Social Textiles: MIT invents a wearable social network
mis à jour le 6 October 2015 à 23:16
Ever wondered what it would be like to meet someone and immediately know everything essential about them? Well, now you probably can with this T-shirt.
When it comes to socialising on the web, we do so easily with the proliferation of social networks such as Facebook, Twitter and Instagram but when it comes to real-life interactions, those networks don’t help one bit.
So, how can technology make social media more tangible? What if we could wear our social networks? Would it improve our real-life connections?
For that we got our answers from Social Textiles, a project set up by a group of MIT students - Viirj Kan, Katsuya Fujii, Judith Amores, and Chang Long Zhu Jin— in collaboration with designers of Fluid Interface Group and researchers from MIT’s Tangible Media Group.
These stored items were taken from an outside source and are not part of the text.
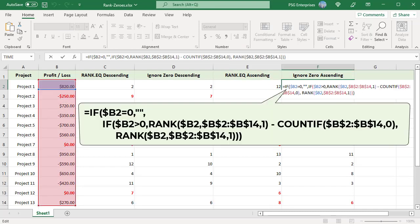Use this formula to rank numbers in ascending order — that is, smallest to largest — ignoring zeros. The first IF checks whether the number is zero and, if it is, returns an empty string. If the number is not zero, the second IF checks whether it's greater than zero, and if it is, adjust the ranking by counting zeros. Here we have six positive numbers and two zeros. The first positive number, 270, is ranked 8. If we skip zeros, we must reduce the rank by the number of zeros. Use the COUNTIF function to count zeros, which is 2 here. Subtract the number of zeros from the rank returned by RANK.EQ. The rank for 270 becomes 8 minus 2, equal to 6, when zeros are ignored.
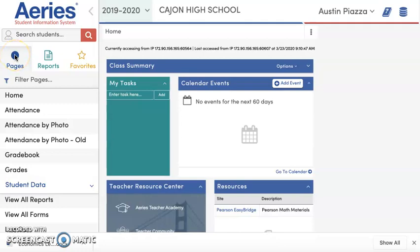Hi everyone, my name is Austin Piazza. I'm a demonstration teacher for history at the high school level. I just wanted to quickly show you how to connect your ARIES with your Google Classroom, making sure that you have all of your students added in the right periods onto Google Classroom.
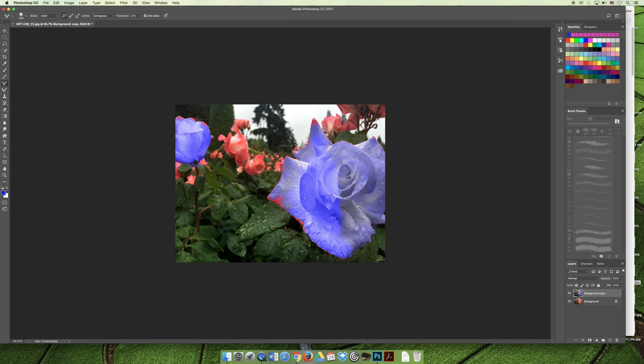And so maybe we'll do a side-by-side here so you can see the two versions of the flower. You're kind of getting blown out colors here. Okay, that wraps up this video.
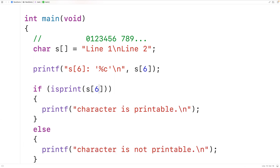More accurately, if the isPrint function is passed a printable character, the function is going to return a non-zero integer, where in C a non-zero integer is considered true. If the function is passed a non-printable character, it returns zero, where in C zero is considered false. This is how we can use the isPrint function in C to check if a character is printable or not.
Social Textiles offers T-shirts (but it could be any other type of clothing) on which a pattern is printed using thermochromatic ink, and with a thin circuit membrane underneath. Paired with your smartphone via Bluetooth, the social T-shirt detects when people who share your interests are nearby and buzzes you through the shirt’s collar when you are within 12 feet of each other (providing both of you are wearing the T-shirt).
And that’s not all. If you touch the person by high-fiving, shaking hands or just by skimming their shoulder, the T-shirt sensor lights up, displaying symbols on the front of the shirt that highlight your common interests, past schools, music tastes or even if you are compatible organ donors.
“Depending on how the ink pattern is designed, Social Textiles can communicate anything you want… It could tell two people who have just met that they both like jazz, or that they both go to MIT”, Kan explains. For example, when two members of the Social Textiles Group demonstrated the technology by high-fiving each other, the letters “MIT” appeared on their shirts.
We know that clothes say a lot about who we are, but with this ingenious socialising idea, the statement becomes entirely literal!